The B.C. government has killed 11 wolves in the South Selkirk Mountains and another 73 in the South Peace region in the first year of a five-year plan to protect dwindling caribou herds.
The South Selkirk program left seven to 10 wolves alive because they were not targeting caribou, and their movements continue to be tracked. That mountain caribou herd is down to 14, compared to 18 last year and 46 in 2009.
The South Peace herds have also seen significant losses from wolves, with 37 per cent of adult mortalities confirmed as wolf kills. Four herds in the region, the Quintette, Moberly, Scott and Kennedy-Siding, were targeted in the wolf removal program.
The 700-member Graham herd, the largest in the South Peace, is being left without protection as a control group.
The program to shoot wolves from the air was a last resort after targeted hunting and trapping of wolves proved inadequate, sometimes splitting up wolf packs and increasing predation of caribou.
The South Selkirk herd has been subject to intensive protection efforts on both sides of the Canada-U.S. border.
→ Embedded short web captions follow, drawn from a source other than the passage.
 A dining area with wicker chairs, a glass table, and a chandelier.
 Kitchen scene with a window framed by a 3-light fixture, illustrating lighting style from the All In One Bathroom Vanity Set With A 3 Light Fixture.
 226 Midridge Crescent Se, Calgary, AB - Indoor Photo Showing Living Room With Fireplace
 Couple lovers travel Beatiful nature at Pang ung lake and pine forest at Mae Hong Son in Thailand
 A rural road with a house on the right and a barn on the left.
In 2007 the province banned logging and roadbuilding in its 2.2 million-hectare B.C. range and restricted off-road recreatioin to reduce human disturbance.
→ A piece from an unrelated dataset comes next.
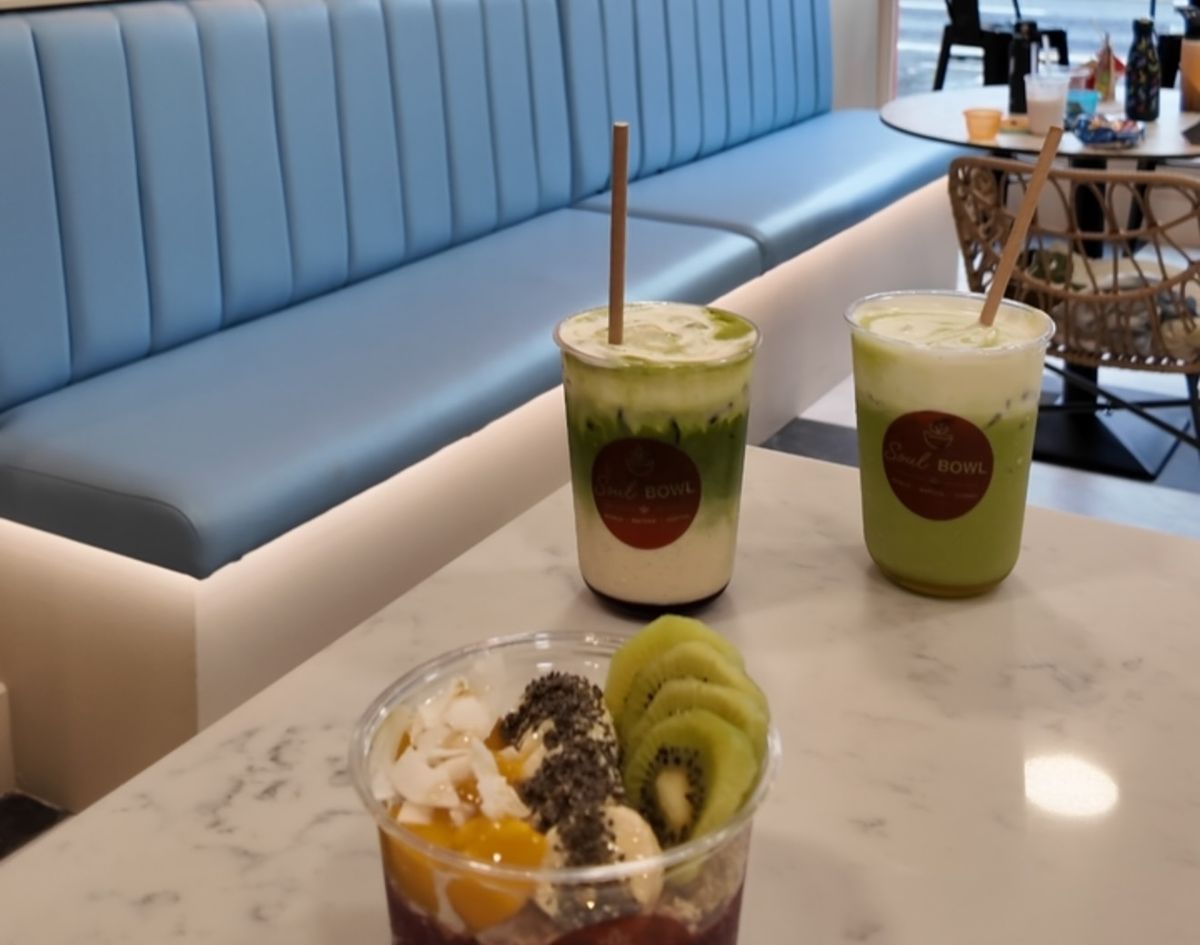 Inside Soul Bowl - drinks and a bowl on a table by the blue banquette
In the Peace region, restrictions were approved in 2012 to protect 498,000 hectares of high elevation winter range.
The modern program began in 2003, after decades of managed hunting and other wolf control measures.
For the first part of the 20th century, B.C. offered a bounty on wolves that ended in 1955. Beginning in 1950, baits laced with poison were used in bait stations and later dropped onto frozen lakes and rivers, which killed other species as well as wolves.
Large-scale poisoning in wilderness areas was suspended in 1960, but targeted baiting to protect livestock continued until 1999.